FINANCIAL STATEMENTS REVIEW JANUARY-DECEMBER 2007
MARKETS
In 2007, the economies in most of Outotec's geographical market areas developed strongly and this was also evidenced by the strong demand for Outotec's products and services for the mining and metals industry. New prospects further increased because of the strong cash position and capital investments of mining and metals companies. Outotec's customers initiated projects related to technologies for iron ore, aluminum, copper, nickel, zinc, and precious metals. In addition, demand from other process industries outside the mining and metals sectors was more active in 2007 than earlier.

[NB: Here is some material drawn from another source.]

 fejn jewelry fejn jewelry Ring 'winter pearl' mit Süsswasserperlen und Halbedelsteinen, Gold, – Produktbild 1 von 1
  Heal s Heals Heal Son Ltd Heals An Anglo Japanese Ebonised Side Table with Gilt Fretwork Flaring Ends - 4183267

In 2007, major mining and metals companies upgraded their investment plans for the next three to five years in anticipation of continuing growth in the global consumption of metals. In addition, these companies are actively looking for new expansion opportunities and avenues for rapidly satisfying the growing demand foreseen for all metals.

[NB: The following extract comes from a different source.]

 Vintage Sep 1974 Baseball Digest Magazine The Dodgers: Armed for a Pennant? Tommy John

In addition to the traditional mining and metals market areas such as Africa, Australia and South America, customers also initiated projects in the CIS, Middle East and South Asia.
In 2007, Outotec established subsidiaries in New Delhi, India and in Almaty, Kazakhstan in order to better serve customers in the growing markets in these and the surrounding countries.
ORDER INTAKE
The order intake continued to grow in 2007 and the total orders received amounted to EUR 1,463.0 million (2006: EUR 1,032.2 million), representing growth of 41.7%. The fourth-quarter 2007 order intake totaled EUR 384.2 million (Q4/2006: EUR 235.3 million). Both the strong market and Outotec's extensive product portfolio contributed to the growth.
Major new orders in the fourth quarter of 2007 included:
- a complete zinc roasting plant for Votorantim Metais in Cajamarquilla, Peru (EUR 80 million);
- a copper-gold concentrator plant for Hellas Gold in Skouries, Greece (EUR 30 million);
- grinding technology for Scandinavian Minerals' Kevitsa project in Finland. (EUR 20 million);
- two iron ore sinter plants for Steel Authority of India (SAIL) for IISCO Steel Plant, Burnpur in India (EUR 22 million);
- a complete flotation circuit and engineering services for an entire concentrator for the copper project of Boliden's Aitik mine in Sweden (EUR 25 million); and
- a copper solvent extraction and electrowinning plant for Centenario Copper for the Franke project in Chile (EUR 30 million).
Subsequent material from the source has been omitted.